NB: Yes, as you know from my previous writing you can do 1 & 2 yourself, but you can also be caught out by updates, which overwrite your security, etc.  I know, it’s happened to me.

  1. Stop each gambling company gaining any insight into your e-device’s gambling activity with other companies outside their holding group.
  2. It won’t stop you having accounts factored or closed, but it should extend the life of each account you hold, so long as you are sensible and not too greedy.
  3. Make it easier and more secure to bet using others’ names (more about this later).
  4. Probably start some sort of new IT ‘war’ in the gambling industry, but hopefully before the ‘war’ escalates the regulators will have done the decent thing and started fining heavily for data protection breaches.

The Gambling Commission has recently re-iterated that there is no right to bet in the UK and that it disapproves of people betting using others’ names.  Only three years ago, I would never have thought the UK needed a ‘right to bet’, as I didn’t bet online (except on an exchange) and the only people I knew who couldn’t bet in shops were professional punters who were often placing bets for others, which I saw as a ‘fair fight.’  Now I know differently and if the only way to get a bet of £10 online is to bet using your Gran’s name, I think the Gambling Commission is wrong.  Who has caused this problem?  It certainly isn’t the £10 punter.  The punter is not breaking any UK laws betting in his or her Gran’s name, so long as she knows and approves, however the gambling companies will say it infringes their terms and conditions (T&Cs).  As many of you will know the fairness of gambling company T&Cs are presently being investigated.  In the case of sports betting, it’s simple, you are a bookmaker:  If you offer odds on a horse or a football team and don’t take a bet with a minimum liability of £500.00 per single bet; hand your licence back.  If you are not happy with this you’re in the wrong job.

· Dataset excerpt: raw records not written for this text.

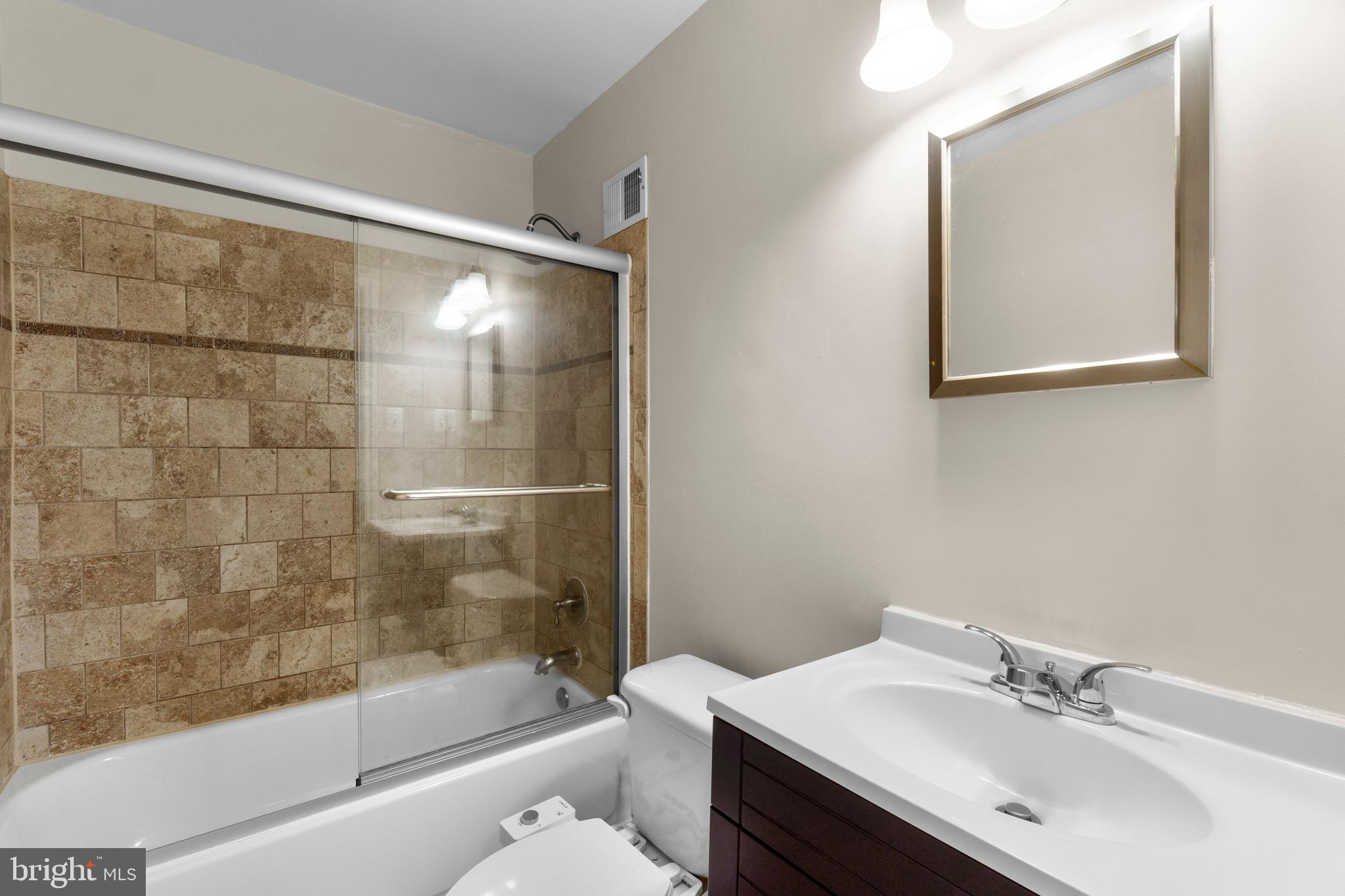 MEDFIELD - Residential Lease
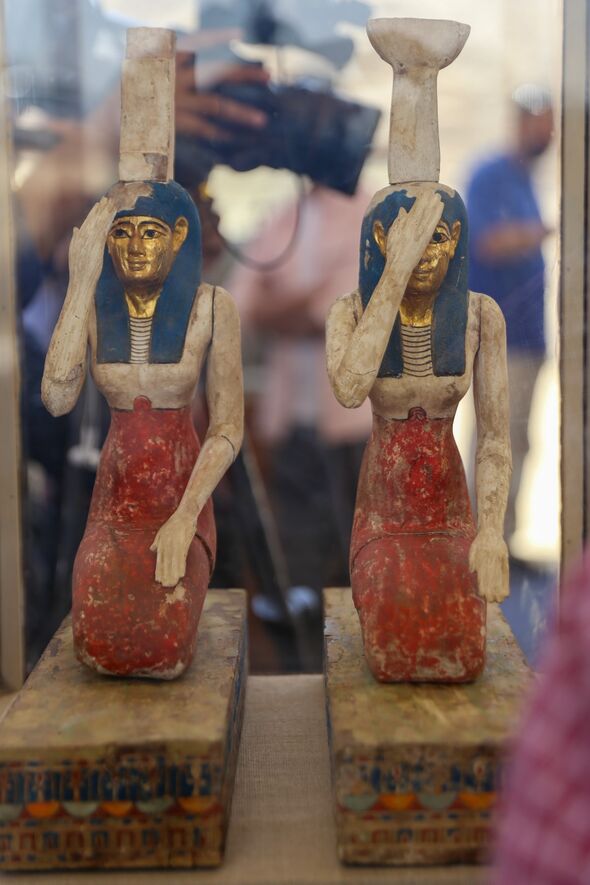Le trésor découvert comprend 150 statues de bronze.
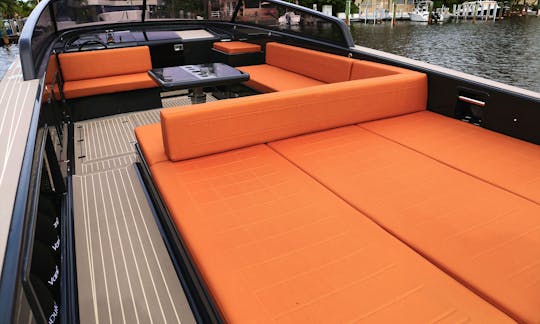 VanDutch 40' Hermes Orange Miami Cruising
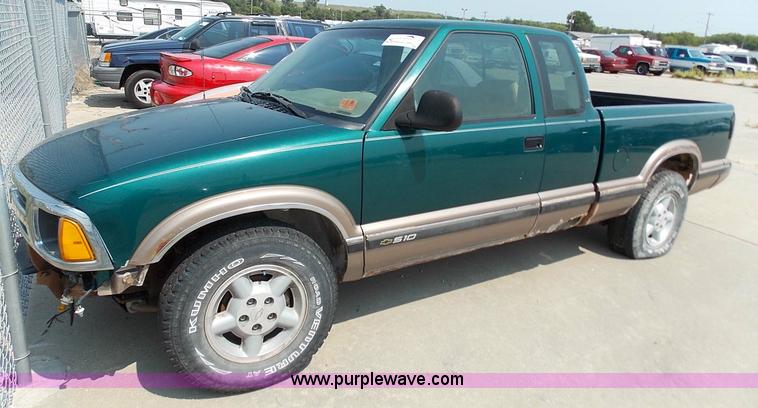 image for item J3691 1996 Chevrolet S10 Ext. Cab pickup truck
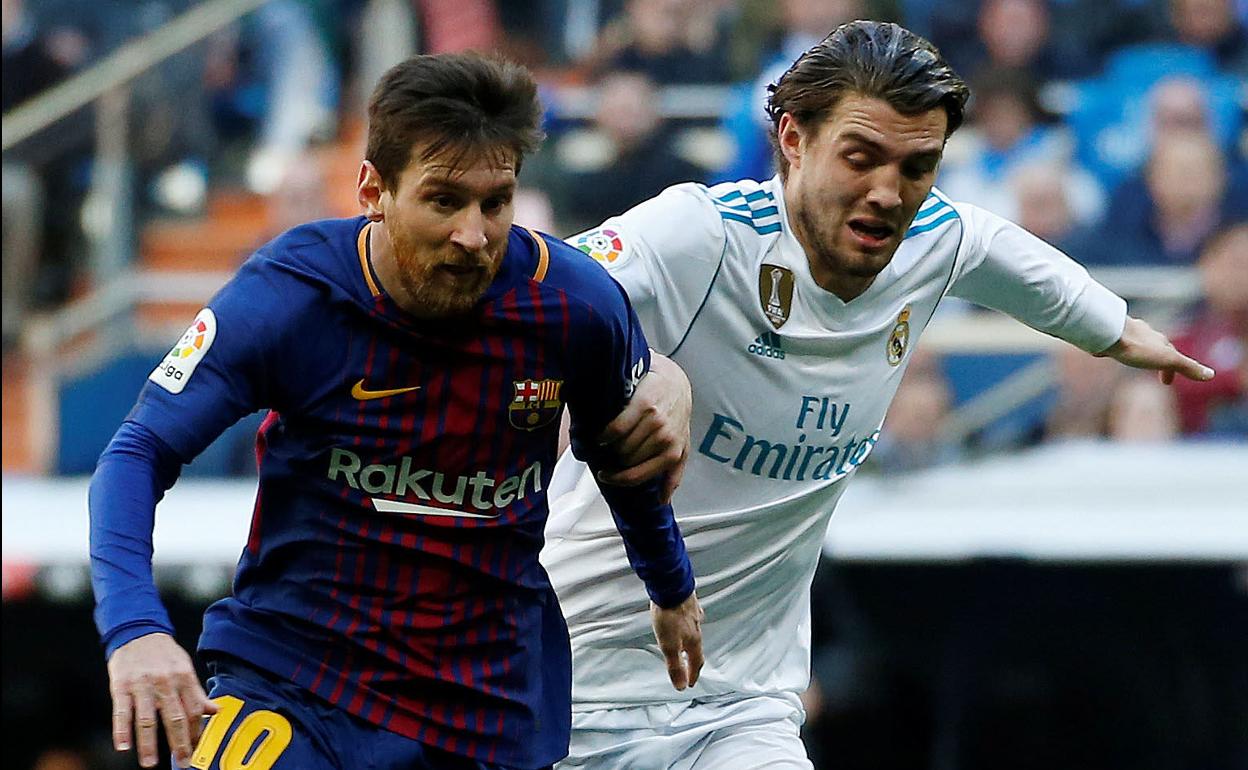 Mateo Kovacic persigue a Leo Messi durante su etapa en el Real Madrid.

If you’ve been a follower of J4P’s work you will know we have a history of not recommending services and as the Founder I must emphasise we are only recommending this product in the context of what is outlined here.  Any other claims you may see for it in other places are not our views.  You have to make your mind up if the monthly cost of £25.00 for a licence is value in the context of how you bet.  For some it certainly will be, for others it won’t.

‘Injured Jockey’s Fund’

If you SIGN UP to ‘Jolly Lock IPVD’ using the link below ‘Justice for Punters’ and ‘Jolly Lock’ will donate £3.00 per month to the ‘Injured Jockey’s Fund’ whilst your licence is running.  Your first payment will still receive a 40% discount.  This means, whilst fighting back against bookmaker spying you will also be donating £3.00 every month to a tremendous cause.  J4Ps first aim for the ‘Injured Jockey’s Fund’ is to get 50 sign-ups, meaning they will receive £150.00 every month towards their work, for as long as a licence is paid for.  TO ACHIEVE THIS YOU MUST USE THE LINK BELOW AND NOT SIGN UP FROM ANYWHERE ELSE.


Remember, you can cancel licences at anytime without penalty, so if ‘Jolly Lock IPVD’ doesn’t meet your gambling needs, it is easy to stop paying for and using it.


Jimmy Justice

Founder & Funder of ‘Justice for Punters’

NB 1:  Very important for all our friends in Ireland.  I refused to publish this webpage until I was assured that ip addresses for Irish punters would become available for ‘Jolly Lock ‘IPVD’.  This has now been promised and they should be available from early April 2017.

NB 2: You need to note that ‘Jolly Lock IPVD’ does not work on Bet365’s website at present.  Jolly Lock’s privacy ‘experts’ are looking into this and hope to solve it soon.  To my knowledge Bet365 do not use Iovation, but they do use other security, as yet, to be fully explained by anyone to my knowledge.